This afternoon, the SLA Boys Varsity Ultimate found themselves with a home field for a game and no opponent. So the boys split up and scrimmaged in a game filled with some really amazing plays and more trash talk than I have heard in an Ultimate Frisbee game since I played in New York Summer League. The game was awesome – it was sixteen boys doing something they loved with people they love.
I got to coach the game. I love it in a way that is visceral.
Most mornings, you can find me coaching Ultimate. We don’t have fields or a gym at SLA, so all three of our Ultimate teams (Girls Varsity, Boys Varsity, Junior Varsity) practice from 6:30 am to 8:00 am in the morning. So does our softball team and our girls basketball team, and I think our track team is about to start. Our Students Run Philly Style team is going to go for a ten-mile run tomorrow (Saturday) morning.
Our debate kids are flying to Florida for Nationals with their coach, Jason Todd. Matt Kay’s poetry team is brilliant, and they write and perform after school what seems like every day. Doug Herman spends somewhere in the neighborhood of four zillion hours doing film projects with kids. Our robotics team…
You get the idea.
So… after-school activities. In most schools, they are the things that kids love most. It’s what they get to choose. That’s nothing new.
But I don’t know that we talk enough about what we as teachers can learn by doing after school activities with kids. In fact, I’ve heard teachers talk about how they are so different with their after-school kids than they are with their students, to which I always think, “Why?”
I think there’s a ton we can learn from the teacher-selves we are when we do are sharing something we love with kids who have chosen to be there too.
Years ago, when I was at Beacon and coaching girls basketball, there was a student teacher who asked to assistant coach with me. She was awesome. She had an incredible rapport with the kids. She was knowledgable. She laughed easily with the girls, and she could get them to push themselves to greatness.
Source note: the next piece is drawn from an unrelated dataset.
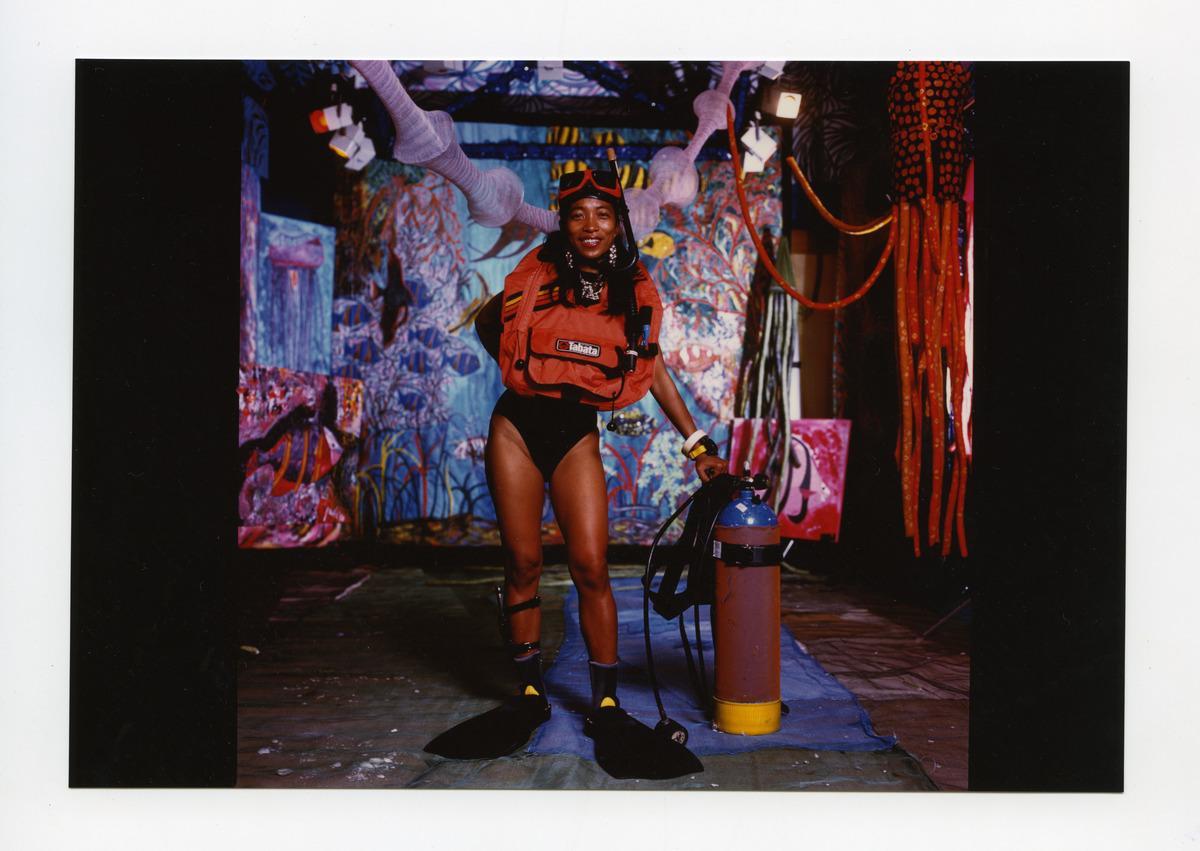 A photograph of artist Pacita Abad at her exhibition opening for Assaulting the Deep Sea. She is wearing a bathing suit and her scuba diving gear, including a life jacket, slippers, googles, and snorkels. She poses beside her oxygen tank.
So I was shocked when her cooperating teacher told me she was struggling deeply as a classroom teacher. I went in to watch her teach, and I didn’t recognize who I saw. She was tentative, unsure of herself, and deeply unsure how to bring out the best in the kids. After the class, the three of us sat down and talked about her teaching and her coaching. We told her simply, “Teach like you coach.” And it made all the difference for her. She really unpacked what made her successful on the court and found the ways to bring that into the classroom.
If we want “the curricular” to be infused with as much joy and passion and energy as the extra-curricular, we have to examine the role we the teachers bring to the student experience of extra-curriculars. And, yes, it is easier to be joyful and passionate and playful when everyone is choosing to be there together, but what if we brought that same persona to our classrooms?
The best teaching I ever did was on the fields and on the courts at 6:30 am. It was there I discovered my best teacher-self. It was in the relationships I developed with the kids who shared that time with me that I learned how to listen and be the adult the kids needed me to be. It was in the dedication of the kids who showed up every morning to practice that I learned what it meant to feel the need to work hard enough so that you never let down the kids.
All over the country, every day, teachers and students collaborate after (and before) school in service of a shared goal and passion, be it Ultimate frisbee, drama, robotics, the school newspaper. In doing so, students and teachers often find the best versions of themselves. The stories of what those activities do for teachers and students are multitudinous.
But maybe it’s time to unpack the people we are when we do those things so that we can take the best of who we are in those moments and bring them back our classrooms every day.
I’d argue that the people we are in those moments are our best teacher-selves. I think everyone wins if that version of ourselves found its way into the classroom every day.